The fundamental difference between Operation Hope and what went before is that it was – is – about wholes, not parts. Unlike the subject specialization of the industrial growth economy, Savory’s approach is based on the idea that things can have properties as a whole that are not explainable from the sum of the parts.

The same goes for this year’s remarkable winner, Blue Ventures.

By connecting conservation with wealth creation Blue Ventures has found a way to help fishing communities in the developing world experience a counter-intuitive reality: that saving fish doesn’t mean starvation, it means surviving and prospering.

As Alasdair Harris, Blue Venture’s founder and research director told us, “the way we approach marine conservation is not just about setting up protected areas. It’s about alleviation of poverty, empowering women, reducing gender inequity. All those things, from sex and reproductive health to education are directly relevant to conservation.
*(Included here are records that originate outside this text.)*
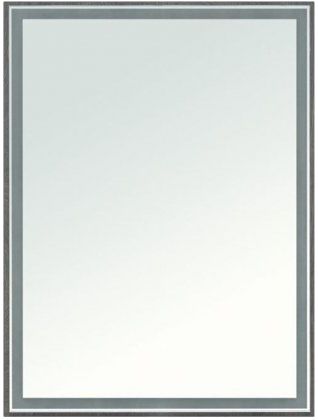 Зеркало в ванную Aquanet Nova Lite 00242621 60х80 подвесное - фото 3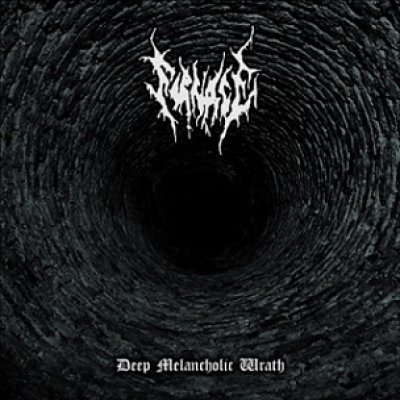 画像1: Fornace - Deep Melancholic Wrath / CD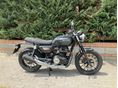 HONDA GB 350 S AZONNAL VIHETŐ! MO-i! 1.TULAJ! 32KM! ÚJ ÁLLAPOT! 6 ÉV GARANCIA!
We work in a multidisciplinary, holistic way.”

At the scale of the city, or the city-region, this kind of multi-dimensional, multi-scalar, multi-temporal restorative design re-imagines the man-made world as being one element among a complex of co-dependent ecologies: energy, water, food, production, and information. It takes natural biodiversity and its starting point – with special emphasis on bioregions, foodsheds and watersheds.

It’s not about back-to-nature. It’s about enabling these different ecologies and flows and networks help each other.”